Material provided |
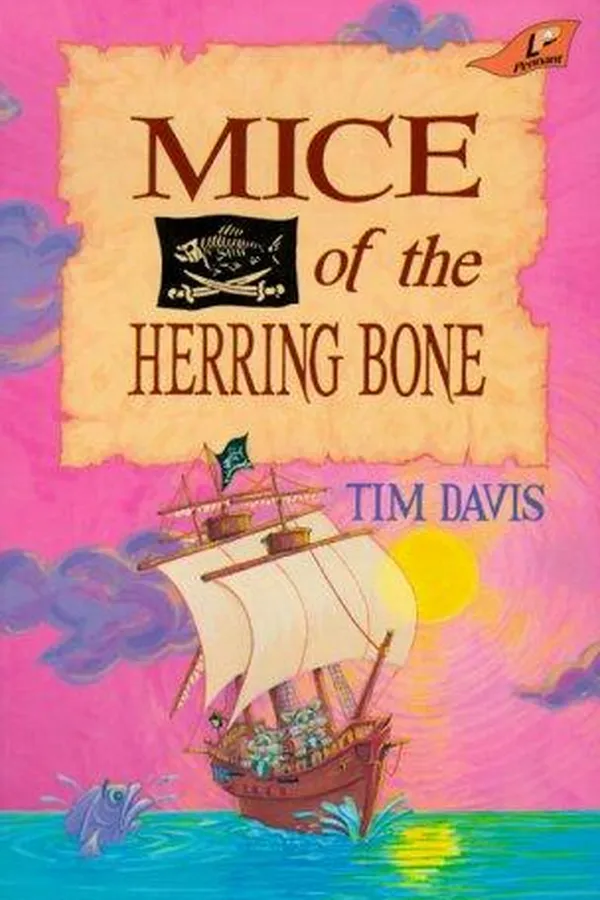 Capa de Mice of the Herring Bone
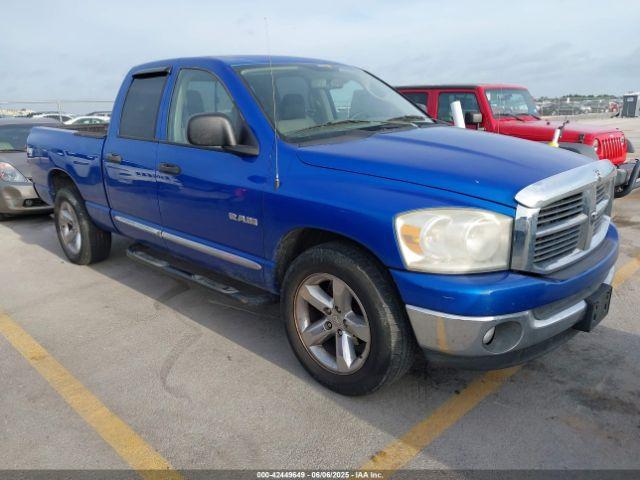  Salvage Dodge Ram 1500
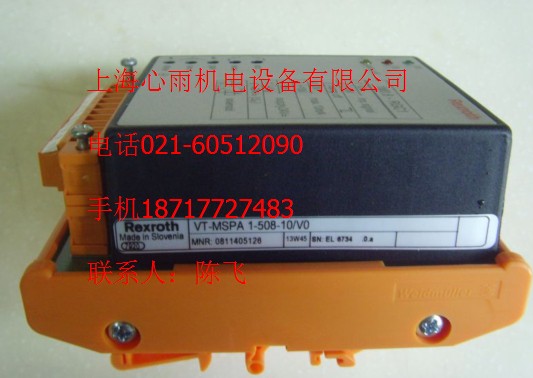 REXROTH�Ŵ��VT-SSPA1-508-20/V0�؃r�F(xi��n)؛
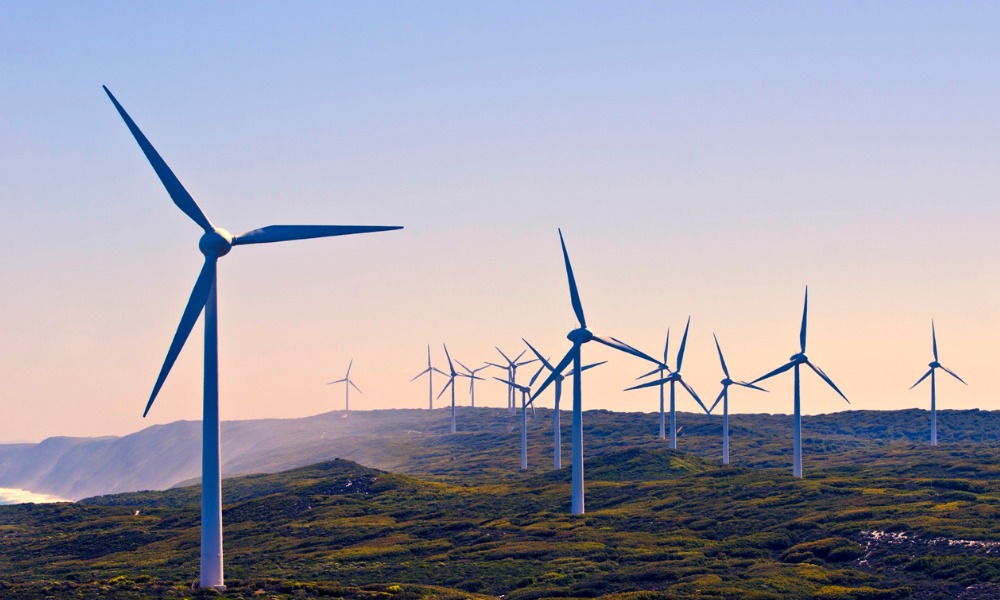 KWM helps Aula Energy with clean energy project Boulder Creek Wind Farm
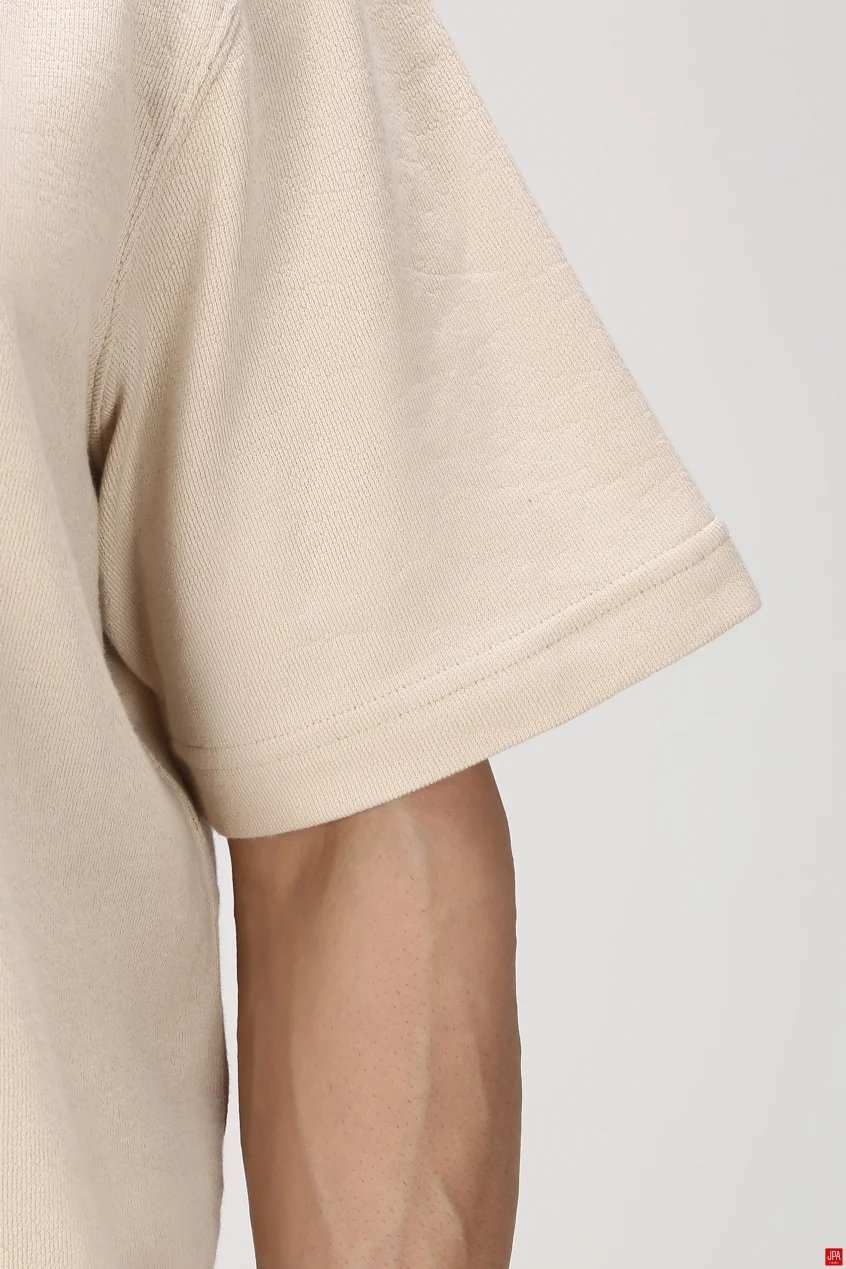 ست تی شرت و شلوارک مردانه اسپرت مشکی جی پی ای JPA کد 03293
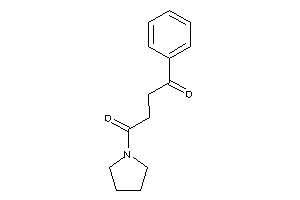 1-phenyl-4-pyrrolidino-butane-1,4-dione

How to complete this task |
All that is required is an exact reproduction of the lines from the one containing "REXROTH�Ŵ��VT-SSPA1-508-20/V" to the final line of the listing above, pictures omitted.

Response to this task |
 REXROTH�Ŵ��VT-SSPA1-508-20/V0�؃r�F(xi��n)؛
 KWM helps Aula Energy with clean energy project Boulder Creek Wind Farm
 ست تی شرت و شلوارک مردانه اسپرت مشکی جی پی ای JPA کد 03293
 1-phenyl-4-pyrrolidino-butane-1,4-dione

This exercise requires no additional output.